La barca dei tedeschi tornò a metà mattina, più o meno alla stessa ora del giorno prima. Stavolta non si fece annunciare dalle grida e dai canti marziali, e attraccò un po’ più a nord del pontile, come peraltro succedeva quasi sempre. La dinamica fu la solita: tre soldati sbarcarono, uno rimase a bordo di guardia. Insieme al sergente e a quello che aveva sparato ai polli stavolta c’era un ragazzo più scuro di capelli e di pelle, e sicuramente più giovane. La sentinella, invece, per quanto riuscivano a vedere i pescatori e i bambini che assisterono all’arrivo dell’imbarcazione, poteva essere la stessa, o un’altra, o chiunque. I tre attraversarono a passo svelto lo spiazzo d’erba che separava la riva dalle prime abitazioni, costeggiarono sul retro la Casa del Capitano del Popolo e la chiesa del Gesù e si trovarono all’imbocco della piazza tra le reti stese al sole. Si fecero largo nella solita formazione, il sergente appena davanti e gli altri due ai lati. Dell’ostentata e fasulla bonomia con cui s’erano presentati il giorno precedente adesso non c’era alcuna traccia. La faccia del sergente era tirata, nervosa, le braccia piegate sui fianchi come il duce, le gambe dritte e dure. Uno degli scagnozzi, quello nuovo, impugnava una piccola mitraglia, il tizio dei polli la portava a tracolla stringendo in mano la pistola. Prima di allora non una sola mitraglia aveva mai fatto comparsa a Isola.
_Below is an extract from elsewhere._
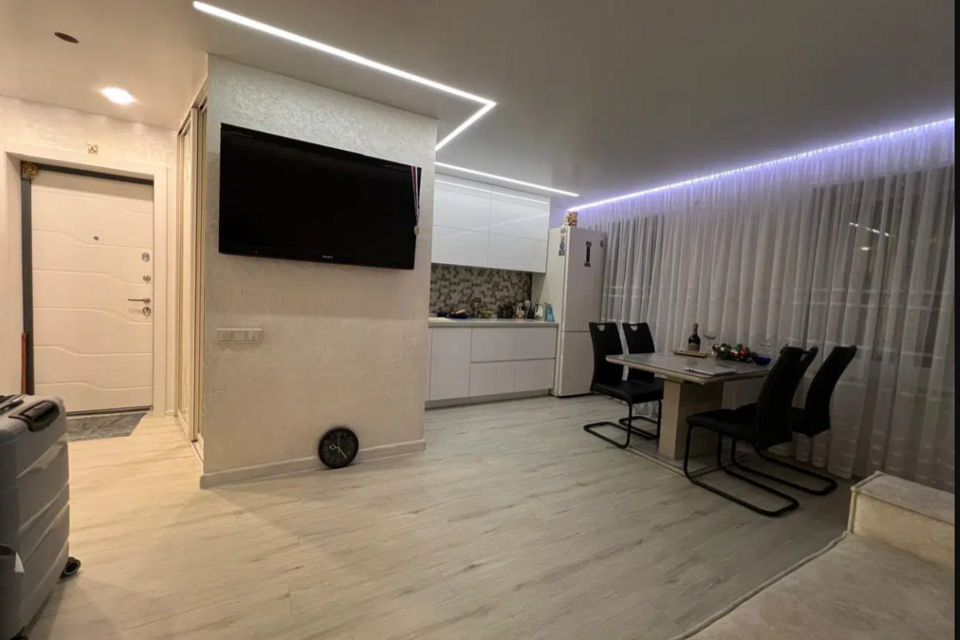 Продаётся 3-комнатная квартира, 57.4 м²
Il sergente scrutò la piazza e prima di parlare radunò i pescatori con dei gesti eloquenti, poi trascorse qualche secondo come domandandosi a chi rivolgere per primo le poche parole di italiano che gli sarebbero servite a chiedere ciò che aveva da chiedere. Cercò il pescatore con cui aveva già avuto modo di fare affari, ma il suo sguardo non lo colse. Mario Tacconi, a quell’ora, era ancora alla cooperativa, come quasi tutti. Quindi ne scelse uno a caso dei pochi presenti. Erano meno di una decina, e i marmocchi se l’erano già data a gambe.
“Radio!”, urlò. “Dofe?”.
Parlando aveva cercato di imitare il gesto della mano con cui gli italiani solevano domandare, le dita unite a becco d’uccello e portate ripetutamente verso la faccia. Gli uomini rimasero a tacere. La maggior parte non spostò gli occhi, sbarrati e vuoti, da quelli del tedesco, ma un paio si scambiarono delle occhiate interrogative che il soldato novizio colse come un cenno di intesa o di timore d’essere scoperti. Fece un passo avanti borbottando qualcosa all’indirizzo del superiore, quindi, e sollevando leggermente la canna della mitragliatrice si rivolse, alternativamente, ai due che s’erano guardati.
“Eh?”, gridò. “Eh?”.
Quelli allargarono le braccia e scossero la testa, e il sergente gli si fece davanti fin quasi a toccargli i piedi coi propri.
“Radio?”, ripeté. “Tu. Radio. Dofe?”, disse a uno dei due, un quarantenne magro e coi lunghi capelli corvini che cominciavano a diradarsi all’altezza delle tempie.
“Radio?”, gli fece eco il pescatore.
“Radio, zì!”, urlò il tedesco, non senza una venatura di sollievo.
Nonostante le grida e il tono perentorio, non pareva essere completamente sprovvisto di condiscendenza. Voleva ottenere ciò di cui aveva bisogno, ma dava l’impressione di sapere come comportarsi coi civili. Terrorizzare, ma gradualmente. Anzi, a singhiozzo. Dovevano fidarsi e poi avere terrore, spaventarsi e poi fidarsi di nuovo. Non dovevano mai sapere cosa aspettarsi, da lui. Ecco, ora c’era da essere accomodanti.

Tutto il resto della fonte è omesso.